Worlds separated the upper and lower regions of that fine old house; a single step took one from the sedate Occident into the very heart of the Orient; a narrow threshold was the line between the rugged West and the soft, languorous, seductive East. In this part of the house James Brood, when at home for one of his brief stays, spent many of his hours in seclusion, shut off from the rest of the establishment as completely as if he were the inhabitant of another world. Attended by his Hindu servant, a silent man named Ranjab, and on occasions by his secretary, he saw but little of the remaining members of his rather extensive household.

For several years he had been engaged in the task of writing his memoirs—so-called—in so far as they related to his experiences and researches of the past twenty years. It was not his intention to give this long and elaborate account of himself to the world at large, but to publish privately a very limited edition without regard for expense, copies of which were to find their way into exclusive collections and libraries given over to science and travel. This work progressed slowly because of his frequent and protracted absences. When at home, he laboured ardently and with a purpose that more than offset the periods of indifference.

His secretary and amanuensis was Lydia Desmond, the nineteen-year-old daughter of his one-time companion and friend, the late John Desmond, whose death occurred when the girl was barely ten years of age.

Brood, on hearing of his old comrade's decease, immediately made inquiries concerning the condition in which he had left his wife and child, with the result that Mrs Desmond was installed as housekeeper in the New York house and the daughter given every advantage in the way of an education.
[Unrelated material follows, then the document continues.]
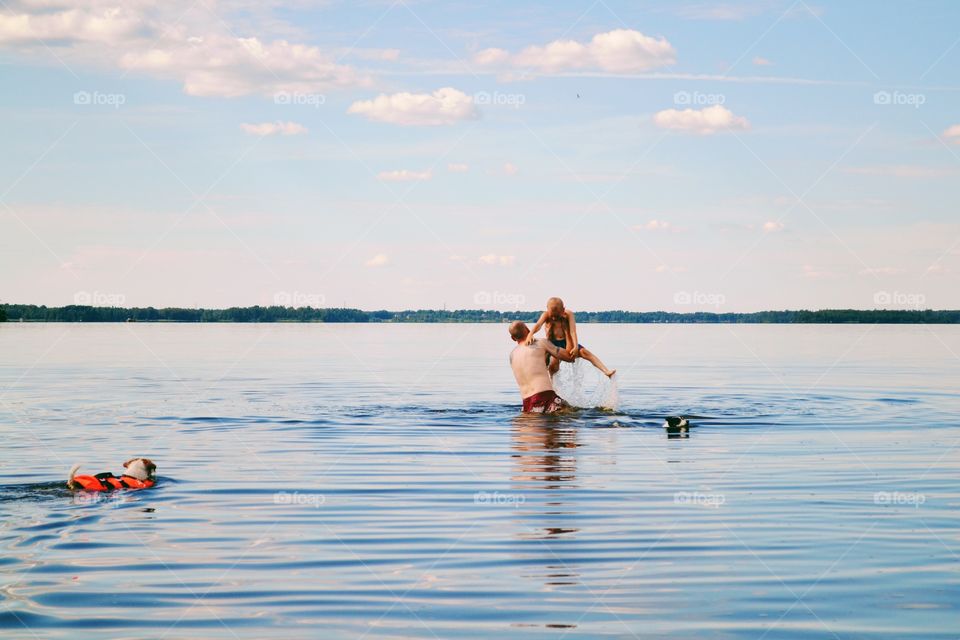 Family bathing in the lake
Desmond had left nothing in the shape of riches except undiminished love for his wife and a diary kept during those perilous days before he met and married her. This diary was being incorporated in the history of James Brood's adventures, by consent of the widow, and was to speak for Brood in words he could not with modesty utter for himself.

In those pages John Desmond was to tell his own story in his own way, for Brood's love for his friend was broad enough even to admit of that. He was to share his life in retrospect with Desmond and the two old men, as he had shared it with them in reality.
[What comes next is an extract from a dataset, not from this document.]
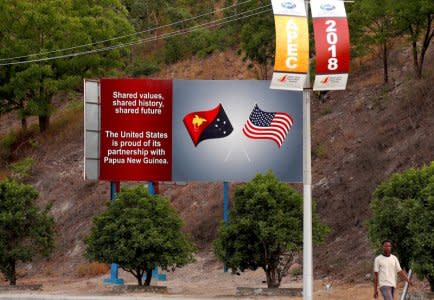 A man walks past a billboard displaying the national flags of the United States and Papua New Guinea a day after the Asia Pacific Economic Cooperation (APEC) forum ended, in Port Moresby, Papua New Guinea, November 19, 2018. REUTERS/David Gray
Lydia's room, adjoining her mother's, was on the third floor at the foot of the small stairway leading up to the proscribed retreat at the top of the house. There was a small sitting-room off the two bed-chambers, given over entirely to Mrs Desmond and her daughter. In this little room Frederic Brood spent many a quiet, happy hour.

The Desmonds, mother and daughter, understood and pitied the lonely boy who came to the big house soon after they were themselves installed. His heart, which had many sores, expanded and glowed in the warmth of their kindness and affection; the plague of unfriendliness that was his by absorption gave way before this unexpected kindness, not immediately, it is true, but completely in the end.

By nature he was slow to respond to the advances of others; his life had been such that avarice accounted for all that he received from others in the shape of respect and consideration. He was prone to discount a friendly attitude, for the simple reason that in his experience all friendships were marred by the fact that their sincerity rested entirely upon the generosity of the man who paid for them—his father. No one had loved him for himself; no one had given him an unselfish thought in all the years of his boyhood.

The family with whom he had lived in a curious sort of retirement up to the time he was fifteen had no real feeling for him beyond the bounds of duty; his tutors had taken their pay in exchange for all they gave; his companions were men and women who dealt with him as one deals with a precious investment. He represented ease and prosperity to them—no more. As he grew older he understood all this. What warmth there may have been in his little heart was chilled by contact with these sordid influences.